Cupcake-themed blog Cupcakes Take the Cake offers a photo post on the various cupcake bakeries in Kuwait.
Moving to the United Arab Emirates, where cupcake shops have found a market. Cupcakes Take the Cake has written about a number of such shops. Regarding Sugar Daddy's in Dubai, the blogger shares an e-mail sent by the bakery's chef, describing one of the shop's special Ramadan cupcakes:
Blind Date: Tradition states that the Prophet Mohammad ate dates at the end of his fast, and the fruit is ever-present during the holiday. We have come up with a spice-filled date sponge that we frost with a swirl of cinnamon-flavored icing that has just a touch of coffee.
Yet another Dubai resident, Mahryska, writes about her favorite cupcake shop, Kitsch:
went there the other day and got myself coffee and a cupcake that looked darn good. and yes, it was good!
3 hearts for kitsch cupcakes for opening their store! ♥ ♥ ♥
Another Dubai shop, The House of Cakes, has its own blog where it shared an incredible photograph of 500 cupcakes in the shape of the Emirates’ flag (see photo at left).

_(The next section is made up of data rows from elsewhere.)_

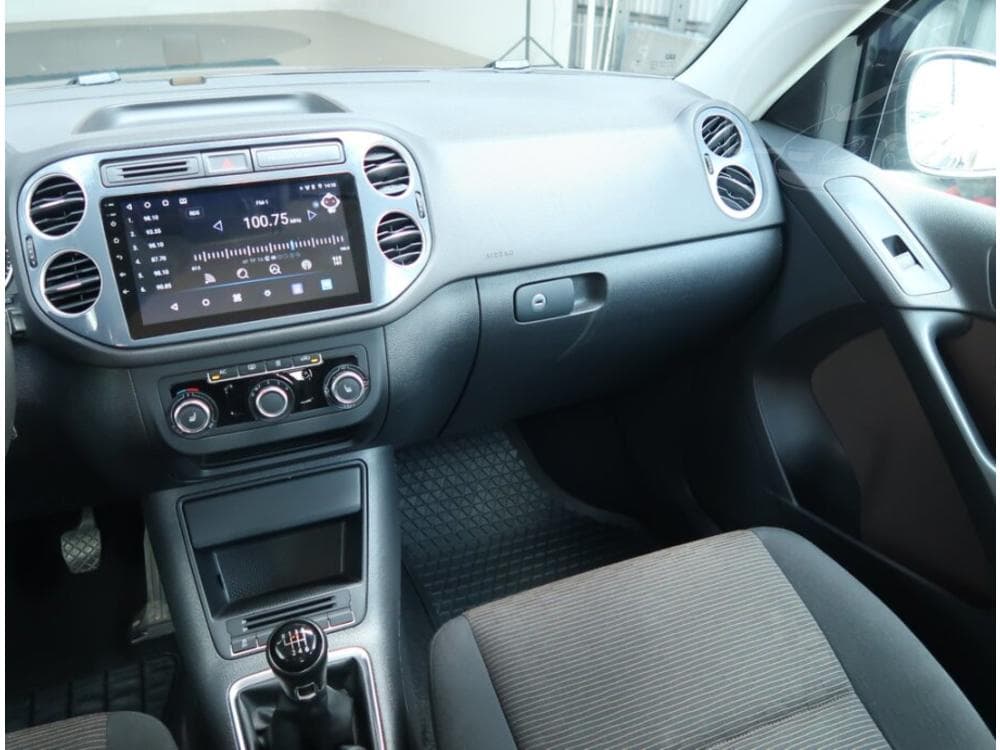 2012 Volkswagen TIGUAN - 8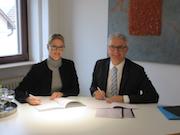 Sabrina Eisele, Bürgermeisterin der Gemeinde Marxzell und Dr. Christoph Schnaudigel, Landrat des Kreises Karlsruhe, unterzeichnen die 115-Charta.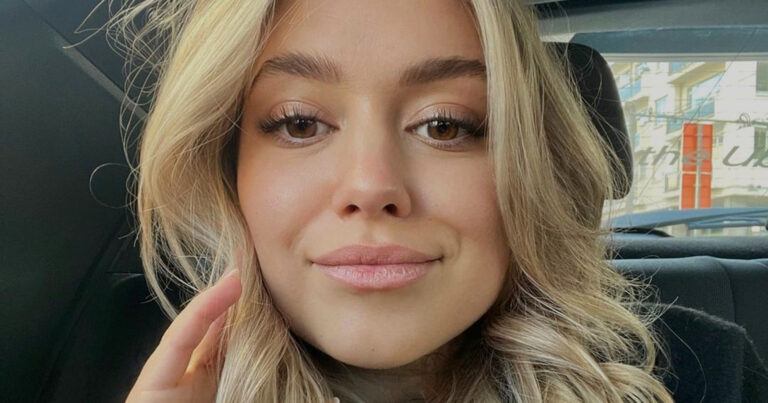 Zita Wauters openhartig over gewaagde outfit: “Zo houden we alles op z’n plaats”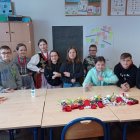 Warsztaty tworzenia lalek w Szkole Podstawowej w Brzeziu. 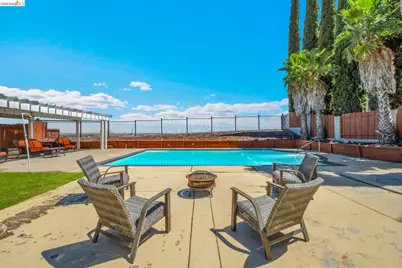 2741 Bluebell Cir, Antioch, CA 94531 - Photo 19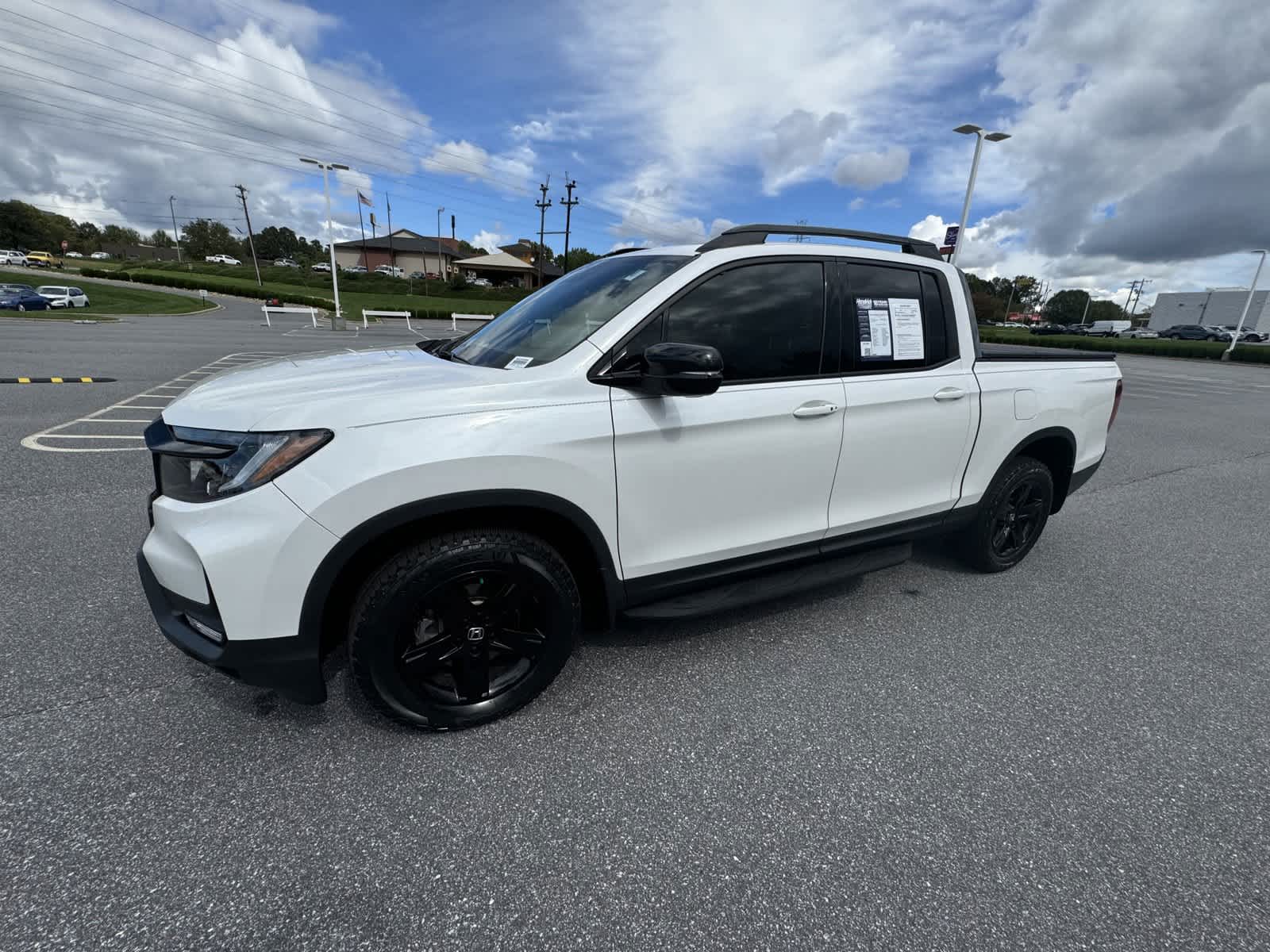 2023 Honda Ridgeline Black Edition AWD 4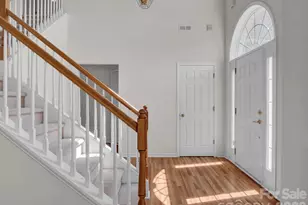 11126 Maplehurst Dr, Charlotte, NC 28277 - Photo 8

The final stop in our whirlwind tour of cupcakeries in the Middle East is Bahrain, where cupcake shops are using new media to get the word out. Cupcakes Bahrain blogs on the Blogger platform to share photos of their cupcakes and information about their store, while Clever Cupcakes has a presence on Twitter and Facebook, to share information about their product such as this:
We only serve clever cupcakes! A Cupcake that you can't forget..
Impress your guests and loved ones by ordering your clever cupcakes.
We'll conclude with these final words from Lebanese blogger Jad Aoun, who notes the New York Times‘ coverage of Arab and Israeli cupcake shops alike, and quips:
Maybe its time we all make peace over a round of strawberry cupcakes. We wouldn’t want to be serving hommous or falafel now would we?
Syrian cupcakes (and photo) by cococakes
What a funny post, Jillian. We don’t seem to have cupcakes or muffins in Israel– although they do sell the tins to bake them, so maybe a rising trend? One can only hope.
Betayavon, cupcake eaters.
Oh but Maya, you do! In Tel Aviv, there is a shop called, aptly, Cupcakes (http://cupcakes.co.il/).
Jillian, what a funny thing for you to know. I’ll keep that in mind.
Here’s a perspective from Israel as well: “Let them eat cupcakes!” by Isramom.
Well, I had wanted to include Israeli posts in this piece, but I didn’t find any (in time, anyway) that fit the theme!
we were the first cupcakes company in Israel.
Check out http://www.ilovecupcakes.co.il !!
Thanks for sharing, Danielle! Glad to know cupcakes are everywhere.